Indonesian Axis collaborationist committee overseeing Indonesian independence

The Preparatory Committee for Indonesian Independence (Panitia Persiapan Kemerdekaan Indonesia, abbreviated as PPKI; 独立準備委員会, Hepburn: Hepburn) was a body established on 7 August 1945 to prepare for the transfer of authority from the occupying Japanese to Indonesia. It approved and promulgated the first Constitution of Indonesia, and appointed Sukarno and Mohammad Hatta as the first president and vice president of Indonesia, respectively.

==Background==
In two sessions from May to July 1945, the Investigating Committee for Preparatory Work for Independence (BPUPK) decided on Pancasila as the ideological basis of independent Indonesia, and produced a draft constitution. With the war turning against them, the Japanese, who were occupying Indonesia, decided to grant independence in order to create problems for the returning Dutch colonial authorities. The plan was that Java would become independent in early September, followed shortly by the rest of the country. On 7 August, the day after an atomic bomb was dropped on Hiroshima, Lt. General Hisaichi Terauchi, commander of the Japanese Southern Area who was based in Saigon, gave permission for the formation of the Preparatory Committee for Indonesian Independence (PPKI).
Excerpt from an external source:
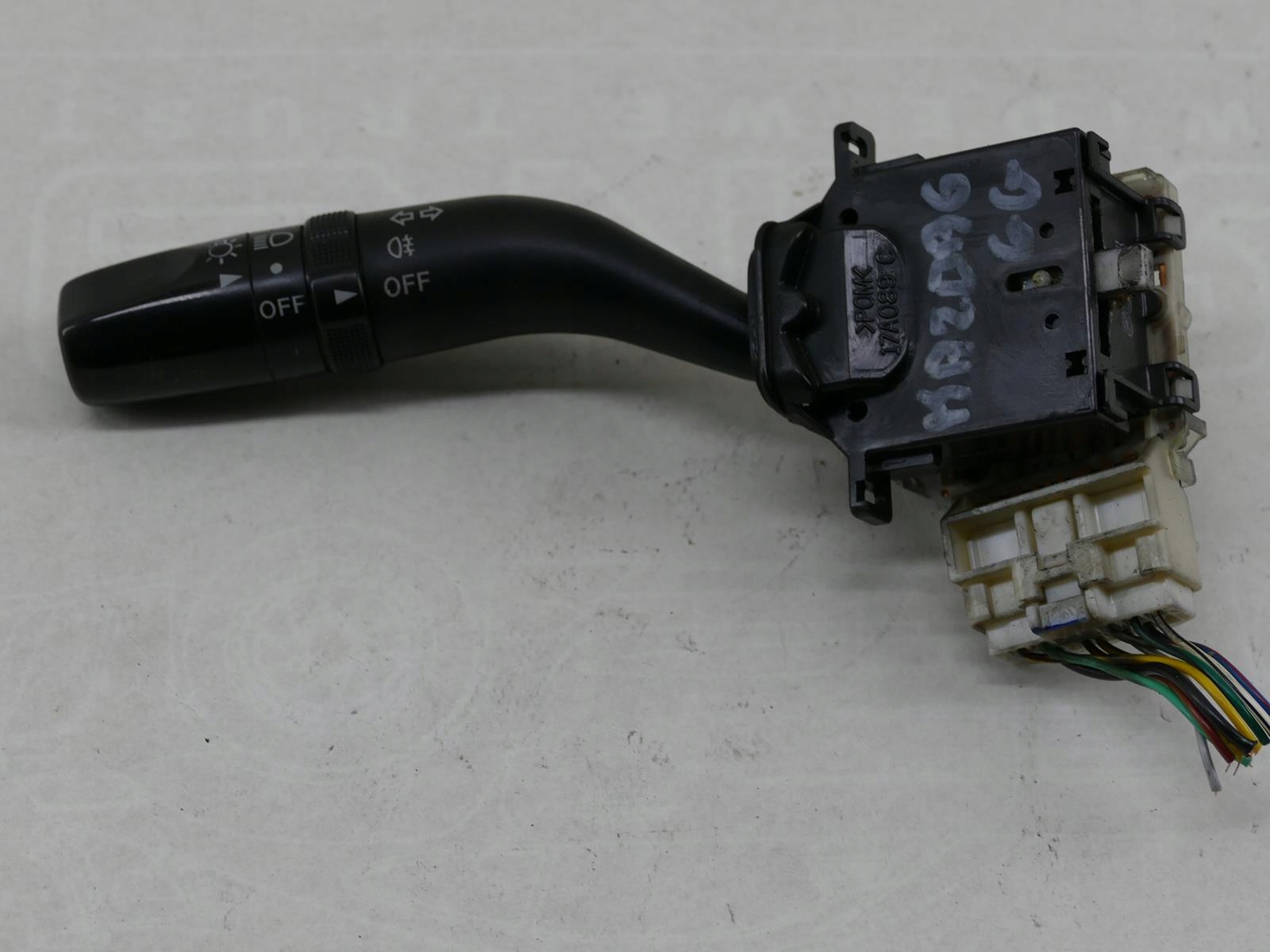 Bouton Indicateurs de direction MAZDA 6 17A089C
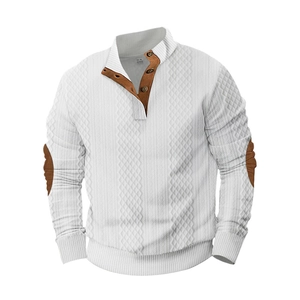 Detalle de sudadera blanca para hombre con parches marrones en los codos de ante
On 9 August, the day of the atomic bombing of Nagasaki, the Japanese authorities flew future president Sukarno, Mohammad Hatta and BPUPK chairman Radjiman Wediodiningrat to Da Lat, French Indochina for a meeting with General Hisaichi Terauchi, the commander of the Southern Area. He promised Indonesian independence would be granted on 24 August, and appointed Sukarno chairman of the PPKI. After delaying discussion of the extent of independent Indonesia when setting up the BPUPK, the Japanese finally clearly stated it would include the whole of the former Dutch East Indies, an idea the PPKI took over from the BPUPK. The three men flew back to Indonesia, arriving on 14 August. The Indonesian underground rejected any independence gifted by the Japanese, preferring to win it through force of arms. However, on 17 August 1945, two days after the Japanese surrender, Sukarno declared independence.

==Membership==
Most of the 21 committee members appointed by the Japanese belonged to the older generation. Unlike the BPUPK, whose members only came from Java, the PPKI had representatives from Eastern Indonesia (under the control of the Japanese navy) and Sumatra (under the 25th Army).

=== Original ===
The membership comprised:
- Sukarno (chairman)
- Mohammad Hatta (vice-chairman)
- Soepomo (Java)
- Rajiman Wediodiningrat (Java)
- Suroso (Java)
- Sutardjo Kertohadikusumo (Java)
- Abdul Wahid Hasyim (Java)
- Ki Bagus Hadikusuma (Java)
- Oto Iskandar di Nata (Java)
- Abdul Kadir (Java)
- Soerjohamidjojo (Java)
- Poerbojo (Java)
- Mohammad Amir (Sumatra)
- Abdoel Abas (Sumatra)
- Teuku Muhammad Hasan (Sumatra)
- Sam Ratulangi (Sulawesi)
- Andi Pangerang Pettarani (Sulawesi)
- A. A. Hamidhan (Borneo)
- I Gusti Ketut Pudja (Lesser Sunda Islands)
- Johannes Latuharhary (Maluku Islands)
- Yap Tjwan Bing (Chinese community)

===Later addition===
Six additional committee members added without the approval of the Japanese authorities in Indonesia:
- Achmad Soebardjo (advisor)
- Sayuti Melik (Java)
- Ki Hajar Dewantara (Java)
- R.A.A. Wiranatakoesoema (Sunda/Java)
- Kasman Singodimedjo (Java)
- Iwa Koesoemasoemantri (Sunda/Java)

==Actions of the PPKI==
The committee met for the first time on 18 August in the building in Jakarta formerly used by the Council of the Indies. It elected Sukarno as president and Hatta as vice-president of Indonesia. It established a seven-member commission, including Sukarno, Hatta, Soepomo and Muhammad Yamin, to approve the constitution that had been started by the BPUPK in July and to make other changes. One significant change was the removal from the constitution preamble of the obligation for Muslims to abide by Sharia law included in the Jakarta Charter as it was felt this would alienate Christians, as well as of the other religious faiths (Hinduism, Buddhism and Confucianism). The changes took less than a week, and the constitution was published in the 14 February 1946 edition of Berita Republik Indonesia, the government gazette. In the same meeting, the committee also decided that the president would be assisted by a national committee

On August 19, the committee met again and divided Indonesia into eight provinces: West, Central and East Java, Sumatra, Kalimantan, Sulawesi, Maluku and the Lesser Sundas. In its third and last meeting, held on August 22, the PPKI decided to establish the Central Indonesian National Committee (KNIP), a state party the Indonesian National Party (PNI) and the Badan Keamanan Rakyat (People's Security Agency) - the forerunner of the Indonesian National Armed Forces.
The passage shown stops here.